Bem-vindo a mais um episódio on-the-road do MonoEstéreo, gravado com algumas limitações técnicas, mas com o mesmo entusiasmo de sempre.

E, por falar em viagem, em 2016, eu tive a oportunidade de passar uns 15 dias na região de Kham, no Tibete. Mesmo com toda a influência da modernização chinesa, ainda é um local bem roots, no qual você toma banho uma vez por mês, numa bica d’água na pedra e os banheiros mais sofisticados são buracos no chão — mas com vista para o Himalaia.

Enfim, lá, eu tive a oportunidade de conhecer os Yaks, que são um tipo de boi extremamente peludo. Pense num animal dócil, familiar, mas enorme, preto, completamente sujo (para os padrões ocidentais) e com um pelo duro, denso e cheio de nós.

Agora imagine que você tivesse que pegar um barbeador, mesmo que elétrico, e tosquiar aquilo tudo. Não seria uma tarefa fácil: ainda que você tivesse distúrbio obsessivo compulsivo, ainda que conseguisse criar um plano linear de ação, não conseguiria manter-se linear por muito tempo. A própria tarefa lhe tomaria horas, porque, a cada região barbeada, surgiriam outras por tosar e assim por diante.

Barbear um yak parece uma ideia um tanto maluca, complexa e interminável. E é por isso que virou uma expressão cômica, que alguns programadores usam para descrever aquele tipo de tarefas que você começa e depois se vê metido em inúmeras outras sub-tarefas, que crescem exponencialmente e sugam todo seu tempo e energia vital.

Mas, espere aí, a expressão que usamos para esse tipo de situação não era “buraco de coelho”? Não exatamente. Buraco de coelho é um pouco mais otimista, supostamente prazerosa. Por exemplo: você entra na Internet para pesquisar qual é a melhor geladeira para comprar e, três horas e 50 abas de navegador depois, se dá conta de que está estudando o surgimento da refrigeração nas casas do ocidente.

Barbear Yak é mais frustrante: você tira um tufo e fica preso em um nó. E aí tem que descobrir uma técnica para desatá-lo. E isso te leva a outras subtarefas e outros nós. Barbear Yak é o lado frustrante do Buraco de Coelho. Está mais para ficar preso num labirinto do que perdido no supermercado. Mas há um fenômeno que une os dois: o uso intensivo do tempo. Eu ia dizer perder tempo. Mas não é bem assim: muitas vezes, essas tarefas malucas nos trazem experiências valiosas, nos treinam para situações difíceis. Mas é um treinamento de custo alto, em especial para quem trabalha por hora, como muitos escritores e programadores.

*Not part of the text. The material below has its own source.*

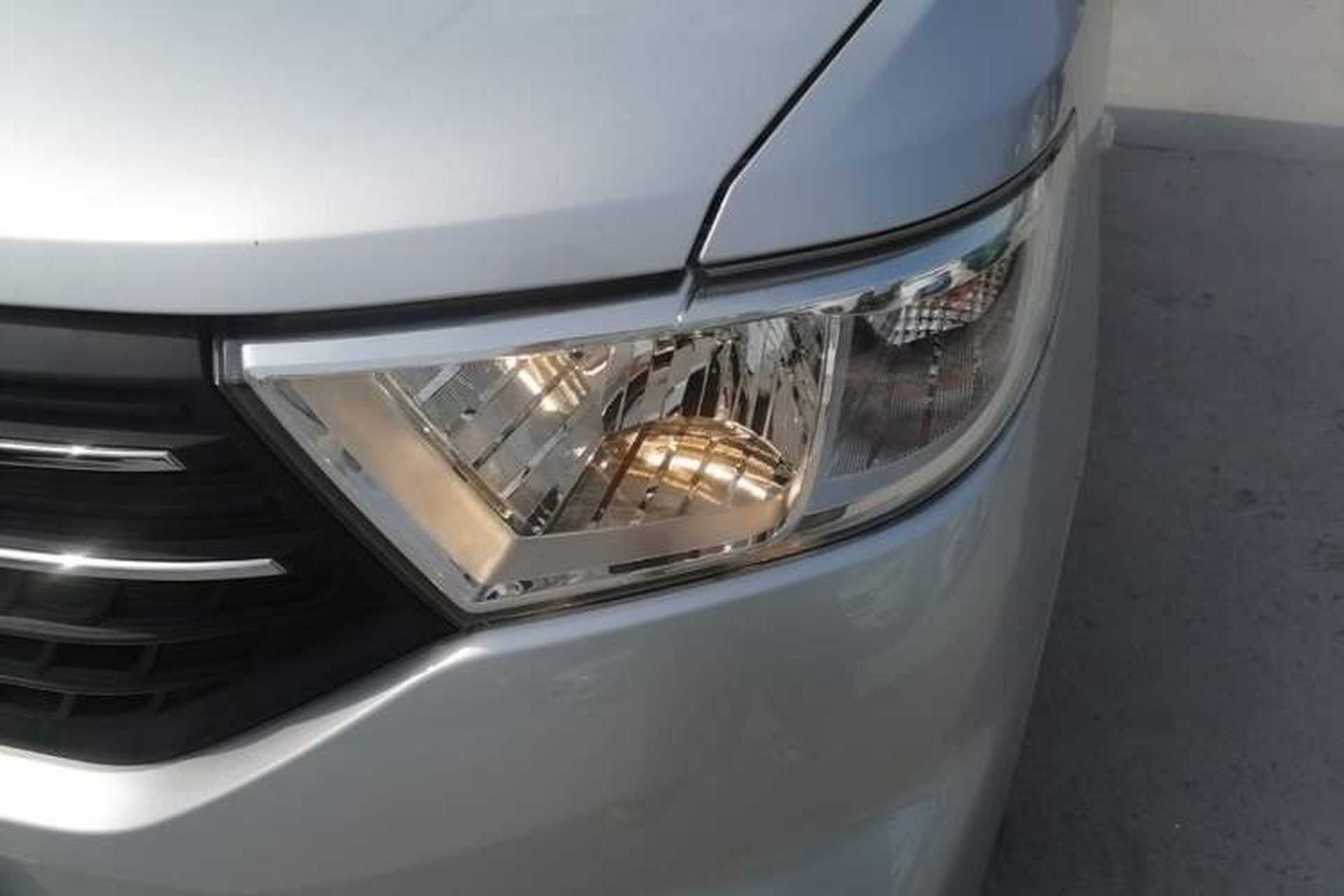 Used Wuling Hongguang V 2019 1.5L Enjoyment Version China VI LAR Left Front Headlight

Mas por que estou falando sobre isso? Na verdade, para fazer uma espécie de complemento ao episódio da semana passada. Nele, conversamos sobre a ideia de que toda conveniência também traz em si novas inconveniências. A invenção do barco também é a invenção do naufrágio, lembra? Na verdade, esse é um estilo de pensamento muito antigo, tem pelo menos uns 3 mil anos: pensar sobre a interdependência e a não-linearidade. Tudo o que você faz e pensa, traz inúmeras consequências, que terão ainda outros desdobramentos.

Parece um raciocínio óbvio. Mas, no cotidiano, somos, de certa forma, treinados a ignorá-lo. Isso vai de sair de casa até o gerenciamento dos recursos do planeta. Pensamos em narrativas lineares, se nossas opiniões e atitudes terão consequências boas ou ruins, tudo num ponto de vista extremamente limitado. Mas, na verdade, a metáfora do Buraco de Coelho e de Barbear Yak são muito mais precisas. Quando fazemos qualquer coisa, abrimos diversas consequências, boas, ruins, boas e ruins ao mesmo tempo, influenciamos o futuro, reescrevemos o passado, mudamos a nós mesmos e os outros. Constantemente. É um processo dinâmico. Nunca acaba.

Por isso, toda vez que alguém me pergunta se estou pessimista ou otimista sobre um determinado assunto, eu adoraria poder responder: hmm, na verdade, estou barbeando um Yak.